The Man Who Knew Too Much 1956 Movie Scene James Stewart as Dr. Benjamin McKenna and Christopher Olsen as Hank kidnapped at gunpoint

The Man Who Knew Too Much [1956]

As you might’ve figured out, I don’t watch a lot of these old movies. And I should as they’re just as good as the modern ones. So, in an effort to bring you the best of the best, I decided to check this one out. The Man Who Knew Too Much is a thriller directed by Alfred Hitchcock and starring James Stewart and Doris Day. It follows an ordinary doctor vacationing in Morocco who accidentally finds himself at the center of an international conspiracy. Considering the big names involved, I thought this was going to be another Hitchcock masterpiece like Rope or Vertigo. After all, all three movies are starring James Stewart. However, this was not the case here.

The Man Who Knew Too Much is messy and melodramatic, ultimately saved by a suspenseful atmosphere. While the main story offers a bit of mystery, prompting you to keep watching the movie, it’s the atmosphere that makes this movie worth watching. The final third is a fucking work of art featuring a memorable and tense finale. A finale in which music plays a crucial role in amplifying everything that’s happening on the screen. It’s also quite interesting to watch the first third as we find ourselves in the exotic French Morocco. Yes, colonial roots are deep and quite fresh in this part of the world.
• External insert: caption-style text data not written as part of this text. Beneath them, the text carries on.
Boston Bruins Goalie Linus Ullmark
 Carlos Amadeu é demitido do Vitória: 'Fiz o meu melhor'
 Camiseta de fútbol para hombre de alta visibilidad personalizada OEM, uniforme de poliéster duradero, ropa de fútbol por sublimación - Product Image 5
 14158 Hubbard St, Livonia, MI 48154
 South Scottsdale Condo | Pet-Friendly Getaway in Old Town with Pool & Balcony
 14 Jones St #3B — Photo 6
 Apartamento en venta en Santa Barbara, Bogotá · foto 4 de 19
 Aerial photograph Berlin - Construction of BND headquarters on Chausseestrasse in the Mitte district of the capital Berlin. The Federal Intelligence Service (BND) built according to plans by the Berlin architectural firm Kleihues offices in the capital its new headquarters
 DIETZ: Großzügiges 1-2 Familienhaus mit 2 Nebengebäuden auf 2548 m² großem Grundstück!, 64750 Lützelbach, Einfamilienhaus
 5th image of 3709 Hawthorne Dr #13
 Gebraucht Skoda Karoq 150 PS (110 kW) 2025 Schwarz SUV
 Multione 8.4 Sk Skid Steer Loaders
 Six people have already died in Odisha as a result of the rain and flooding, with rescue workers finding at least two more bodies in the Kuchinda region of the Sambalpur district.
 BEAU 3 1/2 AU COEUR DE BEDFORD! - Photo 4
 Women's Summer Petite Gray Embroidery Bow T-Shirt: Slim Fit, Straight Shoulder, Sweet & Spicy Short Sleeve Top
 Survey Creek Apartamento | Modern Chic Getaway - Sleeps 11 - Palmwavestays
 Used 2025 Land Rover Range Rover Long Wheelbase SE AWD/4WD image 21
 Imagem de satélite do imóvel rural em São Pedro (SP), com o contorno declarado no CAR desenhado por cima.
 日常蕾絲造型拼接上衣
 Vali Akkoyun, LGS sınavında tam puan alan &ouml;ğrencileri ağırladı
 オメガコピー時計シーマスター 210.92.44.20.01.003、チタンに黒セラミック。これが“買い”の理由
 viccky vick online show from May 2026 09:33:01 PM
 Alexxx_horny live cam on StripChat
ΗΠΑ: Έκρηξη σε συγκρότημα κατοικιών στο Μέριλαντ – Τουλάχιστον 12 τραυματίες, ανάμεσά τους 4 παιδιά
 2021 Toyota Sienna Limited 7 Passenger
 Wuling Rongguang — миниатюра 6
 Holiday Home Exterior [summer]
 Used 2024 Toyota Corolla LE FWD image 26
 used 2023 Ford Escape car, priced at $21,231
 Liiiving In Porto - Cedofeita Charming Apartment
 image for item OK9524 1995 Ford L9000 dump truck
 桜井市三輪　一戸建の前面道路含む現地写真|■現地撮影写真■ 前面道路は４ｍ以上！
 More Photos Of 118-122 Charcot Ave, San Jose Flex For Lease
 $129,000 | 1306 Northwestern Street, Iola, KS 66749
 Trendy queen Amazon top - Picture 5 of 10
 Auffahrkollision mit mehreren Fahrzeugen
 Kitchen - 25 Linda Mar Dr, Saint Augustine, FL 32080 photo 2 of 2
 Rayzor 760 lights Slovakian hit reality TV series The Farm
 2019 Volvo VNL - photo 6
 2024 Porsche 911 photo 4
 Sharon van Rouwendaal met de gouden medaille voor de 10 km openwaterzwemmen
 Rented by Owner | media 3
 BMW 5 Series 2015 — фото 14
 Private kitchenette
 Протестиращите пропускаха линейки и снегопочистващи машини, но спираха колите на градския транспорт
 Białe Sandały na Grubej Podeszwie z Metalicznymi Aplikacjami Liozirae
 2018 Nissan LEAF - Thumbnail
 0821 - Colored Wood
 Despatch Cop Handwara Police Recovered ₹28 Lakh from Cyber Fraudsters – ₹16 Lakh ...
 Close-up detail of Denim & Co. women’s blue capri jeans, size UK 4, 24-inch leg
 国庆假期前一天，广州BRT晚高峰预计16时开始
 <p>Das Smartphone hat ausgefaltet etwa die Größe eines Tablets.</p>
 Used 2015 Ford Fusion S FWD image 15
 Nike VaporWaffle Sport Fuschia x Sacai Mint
Oddly enough, French Morocco became just Morocco and gained its independence from the French exactly that year, 1956. You can see what they were trying to do here, to immerse the viewer into another world, far away. From this time distance, these efforts seem a bit clumsy. Most of the scenes run far too long featuring unnecessary reaction shots and other redundant details. The dynamic between Stewart and Day is rather strange. They seem more like strangers than a married couple. Additionally, it’s interesting to watch what was considered acceptable back then. I’m sure you’re going to notice the scene featuring “female hysteria” complete with the “responsible man taking care of business”.

However, if you look closely at the plot you might notice something rather intriguing about Day’s character Jo. Just pay close attention to what actually makes the difference and moves the plot forward and you’ll see what I’m talking about. I dare not elaborate further as that would take away from the value of the first viewing. And this is a movie that’s going to need all the help it can get. I also didn’t like the strange use of backdrops in some of the scenes. You can see that they were on location but probably because of the stability of the camera they had to resort to these tricks.

Apart from this, The Man Who Knew Too Much is actually a remarkably beautiful movie. Especially when you consider the fact that we’re talking about the early fifties. As is the case with almost all of these older but highly popular movies, the restored version looks excellent. I should also point out that this is a remake of Hitchcock’s 1934 movie of the same name. I watched the movie on a whim, one Sunday afternoon and it was a refreshing experience. Something I suggest you do as I doubt it will be good enough as the main course. Then again, I could be mistaken.

This is certainly not the best Hitchcock movie out there. I personally love Rope and The Trouble with Harry, two of his offbeat movies with a macabre twist to them. Finally, you could go the other way and check out a hilarious nineties comedy The Man Who Knew Too Little. Starring Bill Murray and Alfred Molina, it’s pacey, entertaining and it will leave you in a good mood.

Director: Alfred Hitchcock

Writers: John Michael Hayes, Charles Bennett, D.B. Wyndham-Lewis

Cast: James Stewart, Doris Day, Brenda de Banzie, Bernard Miles, Ralph Truman, Daniel Gélin

Fun Facts: Doris Day was appalled with the way the animals were treated on the set and demanding immediate changes to their living conditions.